Why should they forge similar unheard-of things in Russia, Poland, and Italy? Did the same man wander about forging, or was telepathy at work, or do forging wits jump? The Breonio controversy is undecided; “practised persons” can not “read the antiquities as easily as print,” to quote Mr. Read. They often read them in different ways, here as fakes, there as authentic.
M. Boulle, reviewing Dr. Munro in L’Anthropologie (August, 1905), says that M. Cartailhac recognises the genuineness of some of the strange objects from Breonio.
But, as to our Dumbuck things, the Clyde forger went to Portugal and forged there; or the Clyde forger came from Portugal; or forging wits coincided fairly well, in Portugal and in Scotland, as earlier, at Volósova and Breonio.

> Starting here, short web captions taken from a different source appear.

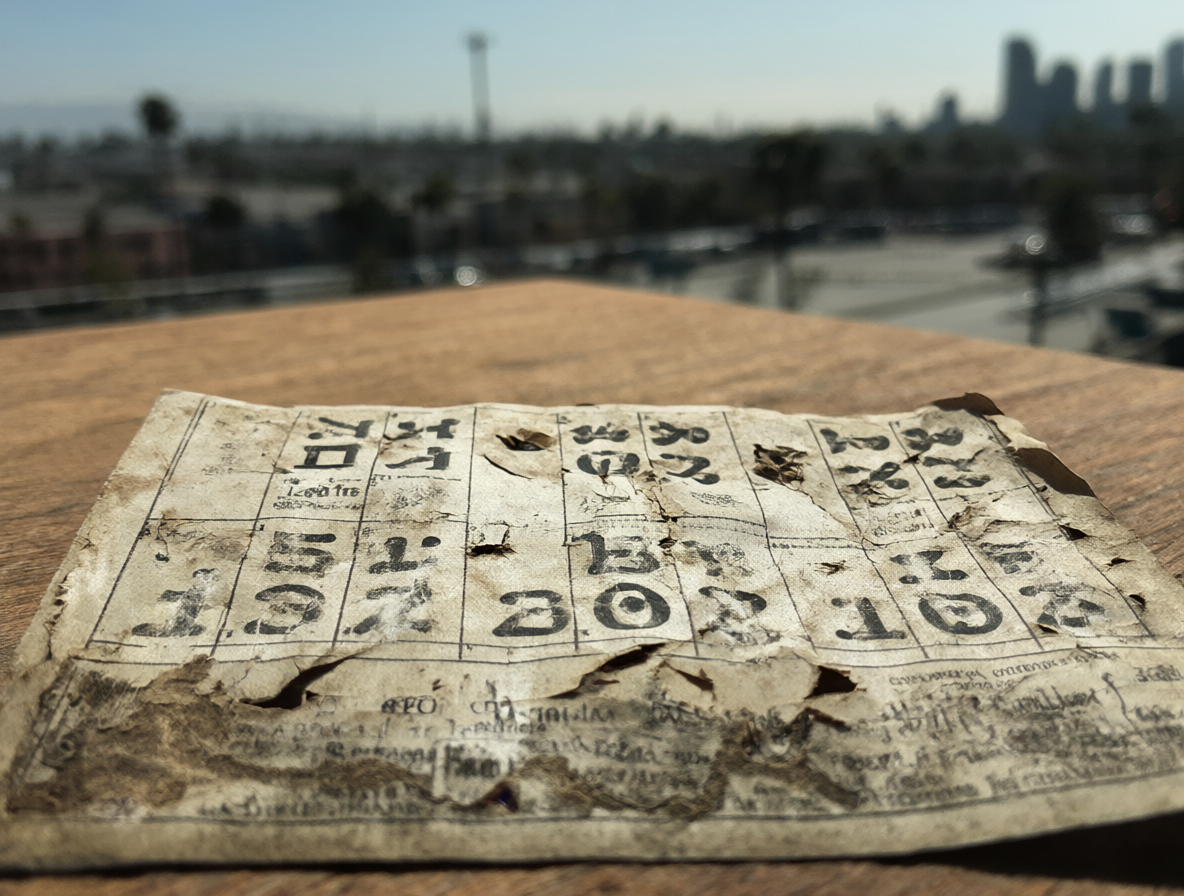 Bono de lotería antiguo deteriorado con números legibles pero código de seguridad roto
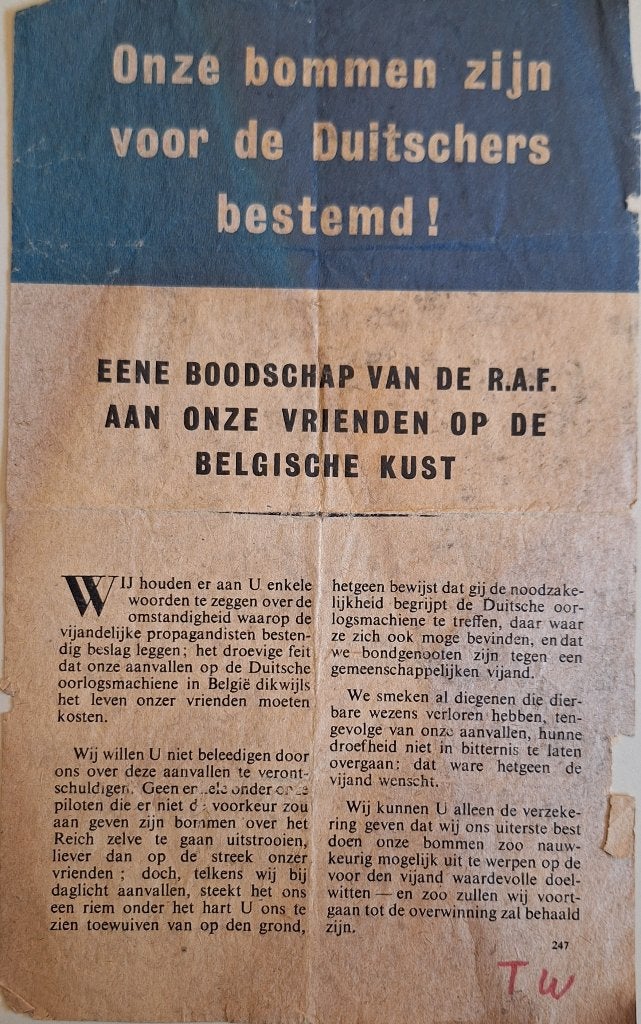 WWII-strooibiljet 1941, Verzenden, Overige soorten, Engeland, Overige typen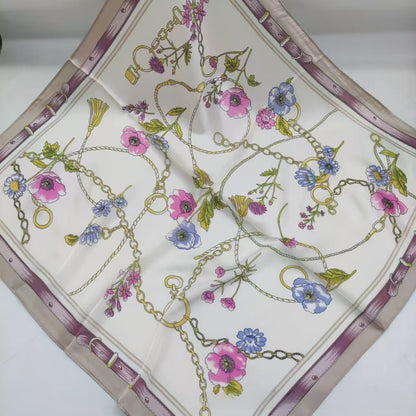 Women's Chiffon Silk Scarf With Flowers Pattern In White, Perfect For Spring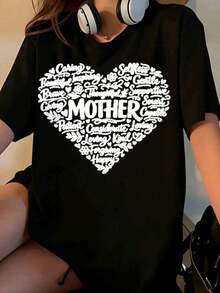 Camiseta con Diseño de Corazón de Madre para Mujer con Palabras Inspiradoras, Regalo de Amor y Cariño para Mamá, Regalo para el Día de la Madre o Cumpleaños [Adecuada para Actividades Casuales y Deportivas] Playera Holgada para Mujer - Negro - Ver 7
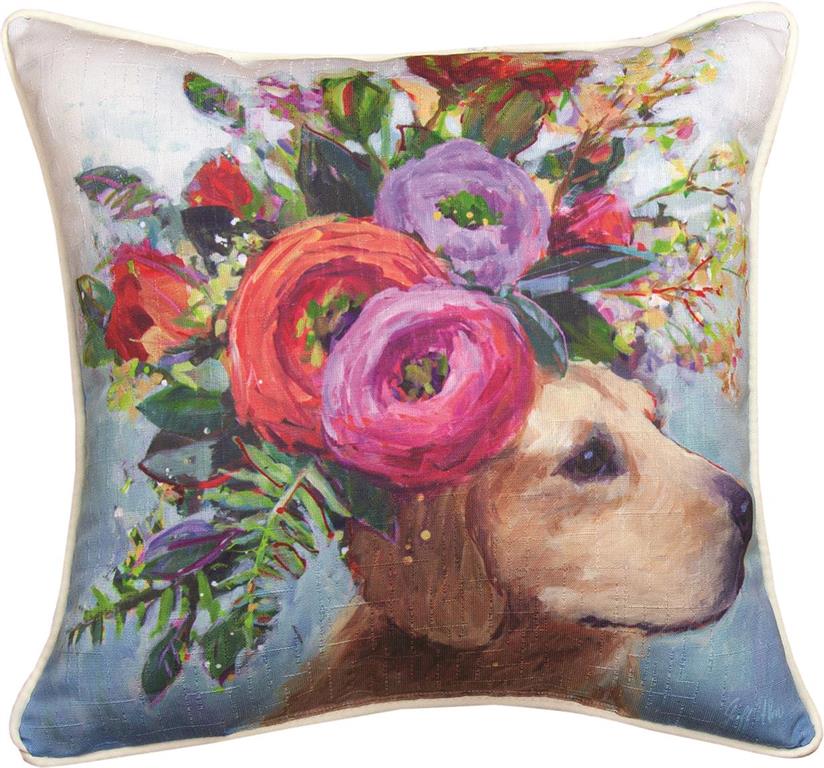 Dogs In Bloom Lab Accent Pillow by Geoffrey Allen©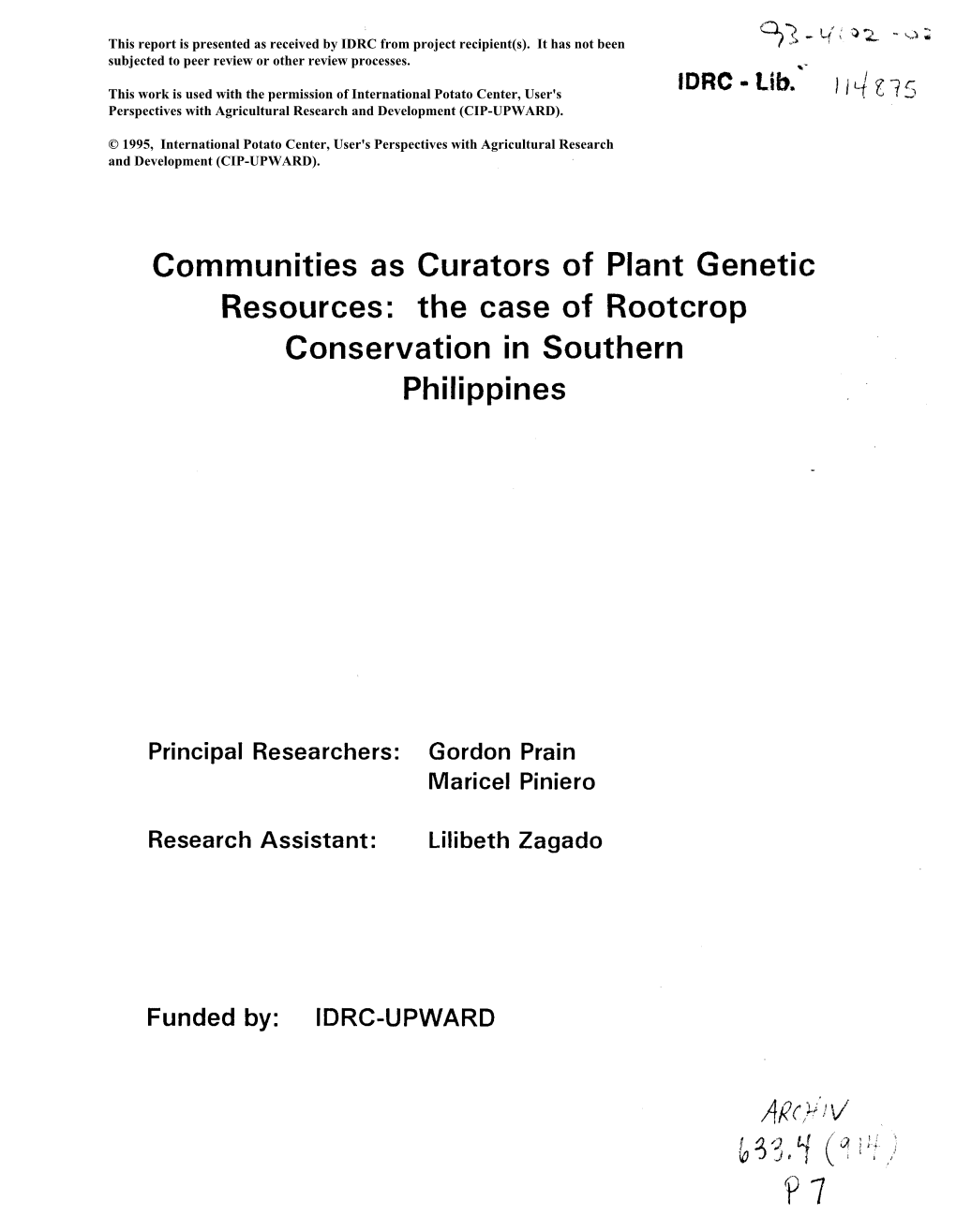 The Case of Rootcrop Conservation in Southern Philippines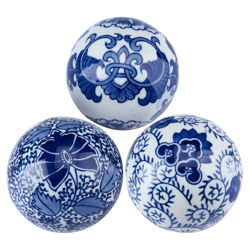 3 Piece Decorative Ball Set in Blue & White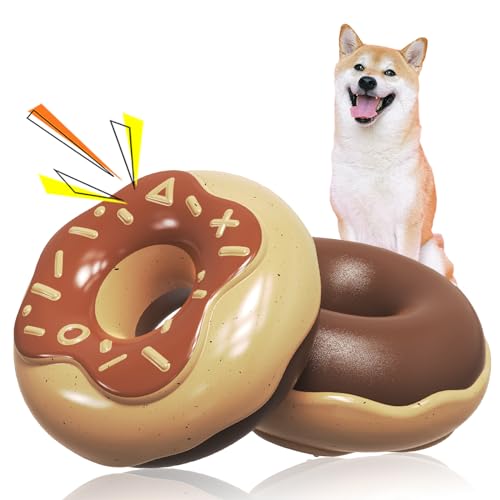 Arimilk Quietschendes Hundespielzeug für aggressive Kauer, Donut-Form, langlebiges und robustes Hundespielzeug für kleine und mittelgroße Hunde, interaktives Hundespielzeug gegen Langeweile von Arimilk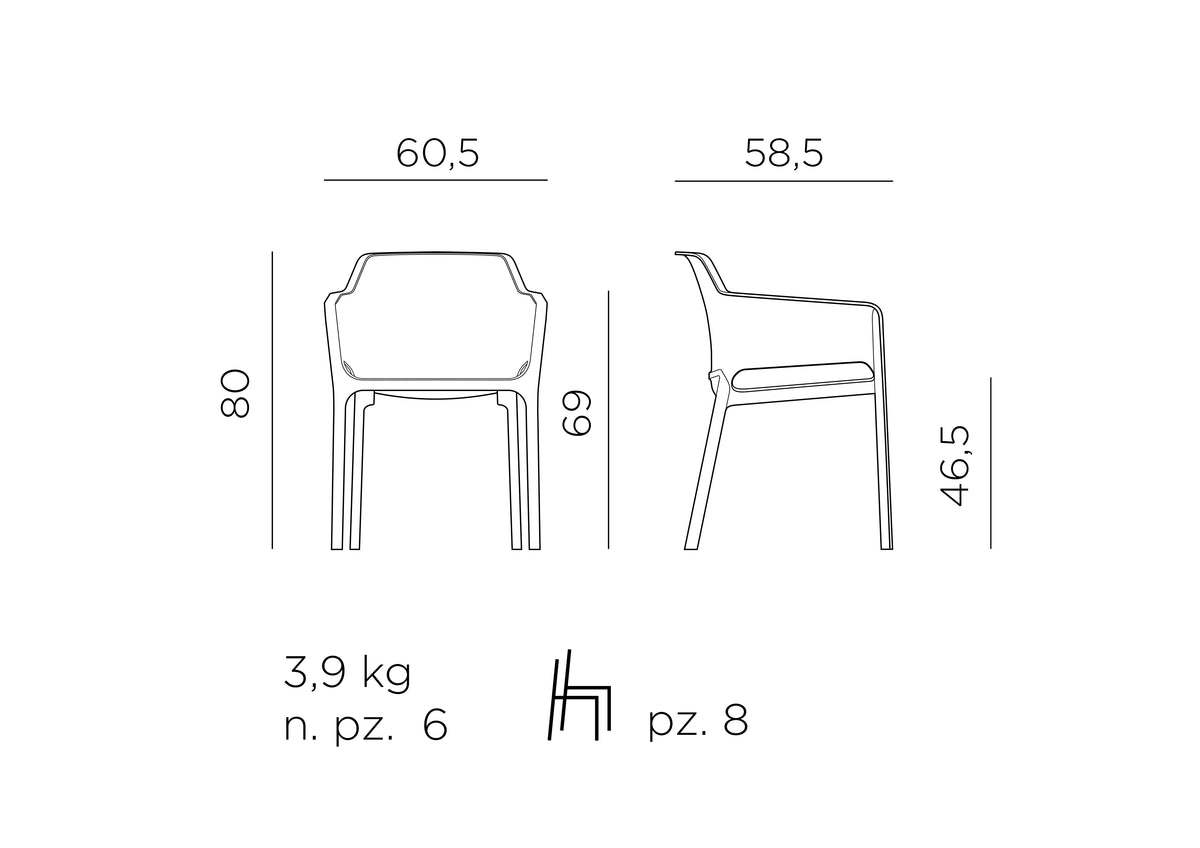 Croquis de medidas de Silla NET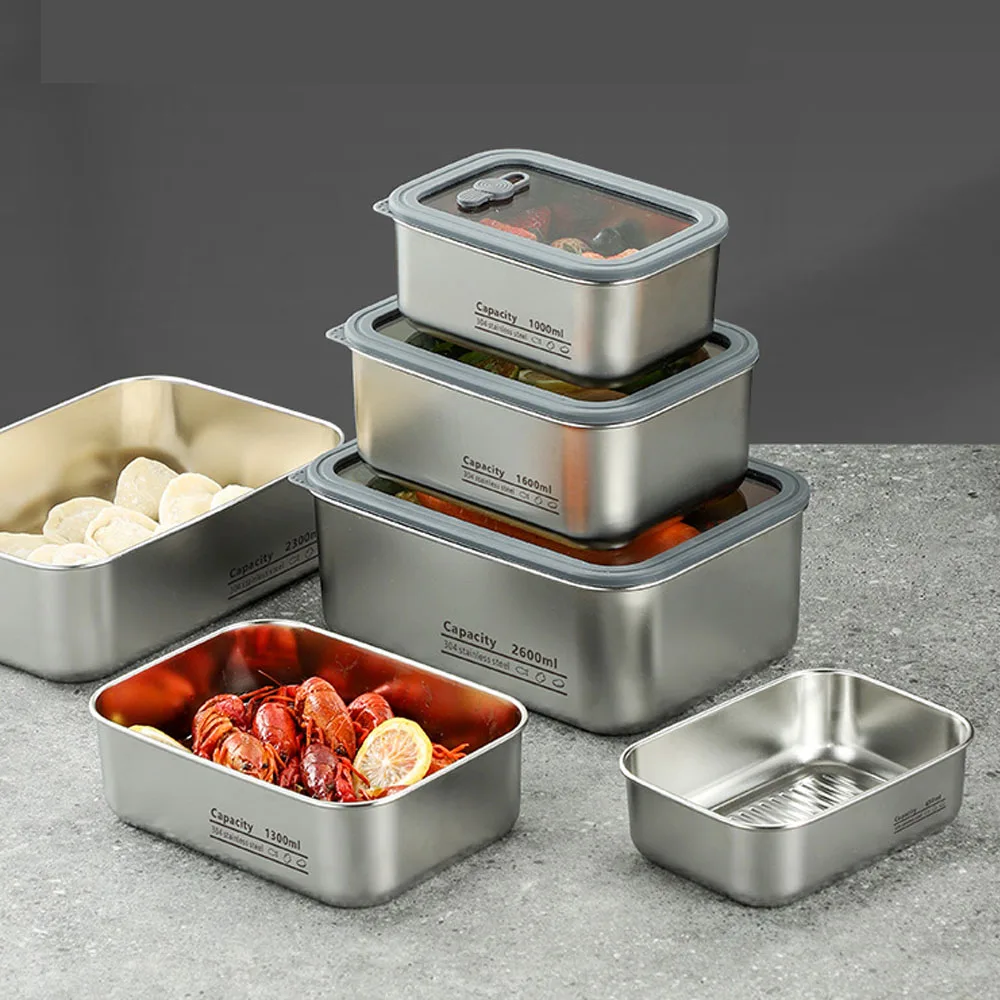 Microwave Safe Kitchen Container Airtight Leakproof Lunch Box For Home Stainless Steel Food Storage Container Set with Glass Lid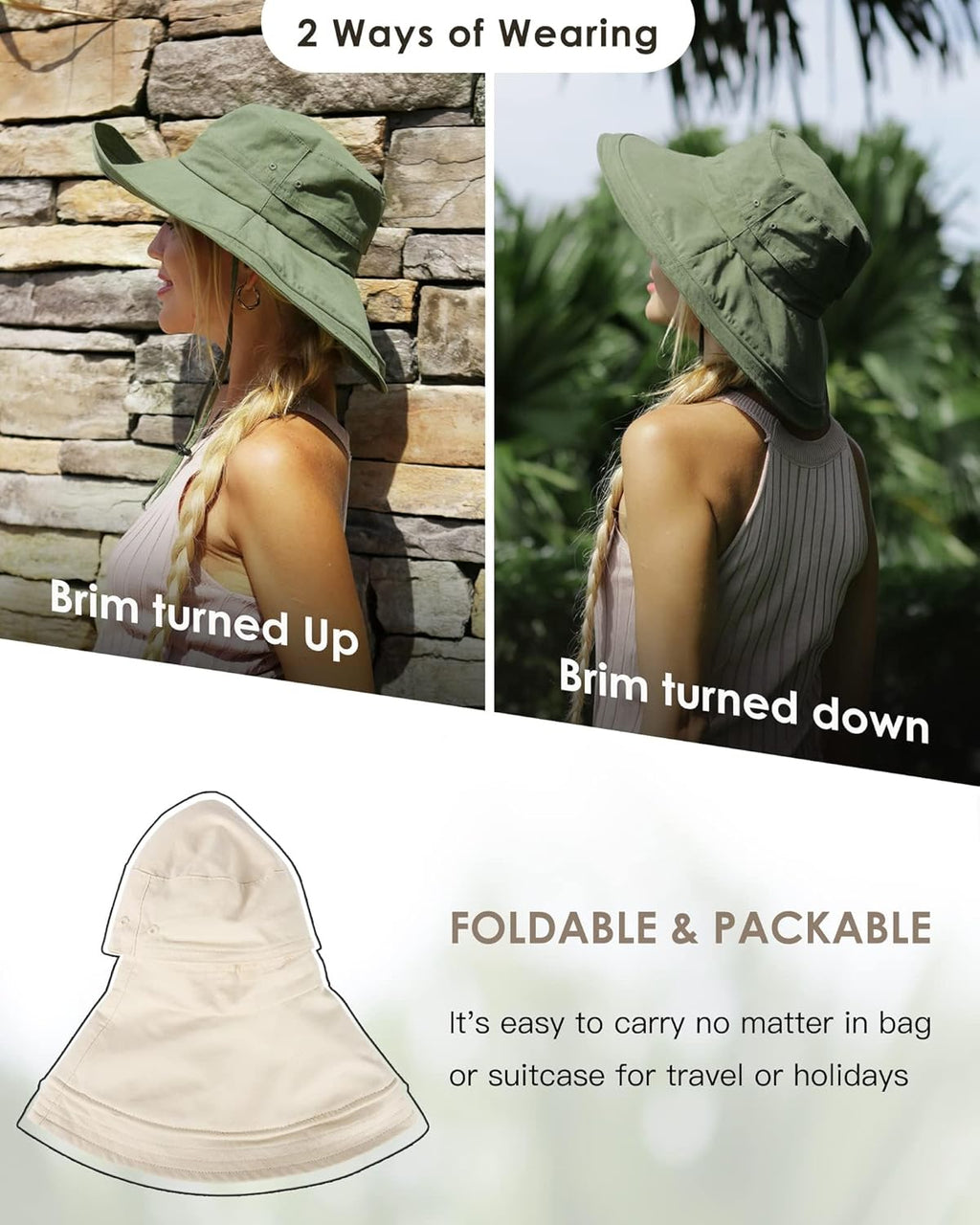 Skiennix Sun Hat for Women - Wide Brim Gardening & Beach Protection | Breathable Cotton Summer Hat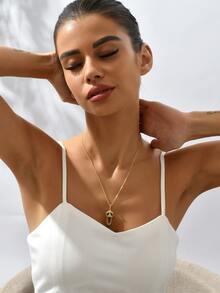 萬聖節方晶鋯石骷髏吊墜項鍊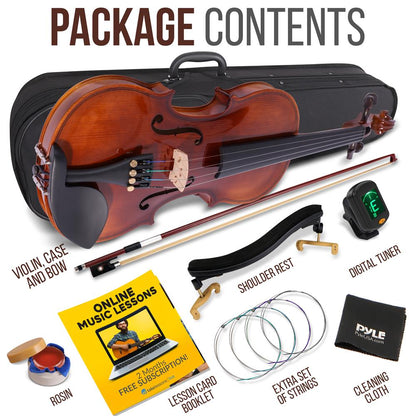 1/2 Size Violin Starter Kit, Ready to Play, Wood Grain, Includes Case & Bow
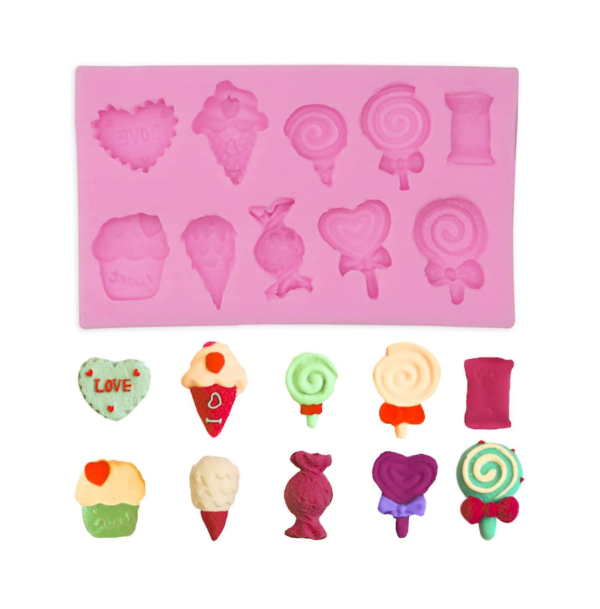 Ice crea, m candy, lollipop fondant mould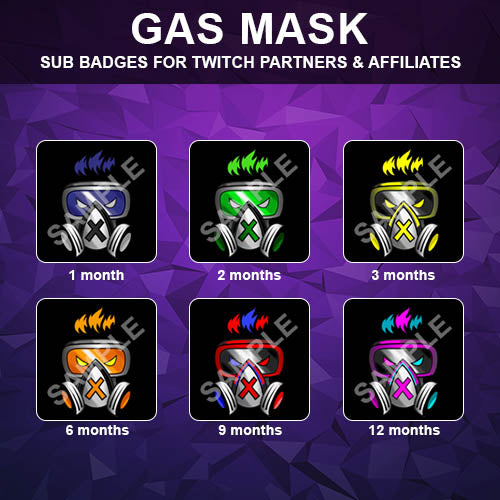 Gas Mask Twitch Sub Badges - streamintro.com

In Portugalia, a Portuguese archaeological magazine, edited by Don Ricardo Severe, appeared an article by the Rev. Father José Brenha on the dolmens of Pouco d’Aguiar. Father Raphael Rodrigues, of that place, asked
Father Brenha to excavate with him in the Christmas holidays of 1894. They published some of their discoveries in magazines, and some of the finds were welcomed by Dr. Leite de Vasconcellos, in his Religiões da Lusitania (vol. i. p. 341). They dug in the remote and not very cultured Transmontane province, and, in one dolmen found objects “the most extraordinary possible,” says Father Brenha. [128] There were perforated plaques with alphabetic inscriptions; stones engraved with beasts of certain or of dubious species, very fearfully and wonderfully drawn; there were stone figurines of females, as at Dumbuck; there were stones with cups and lines connecting the cups, (common in many places) and, as at Dumbuck, there were grotesque heads in stone. (See a few examples, figs. 20-24).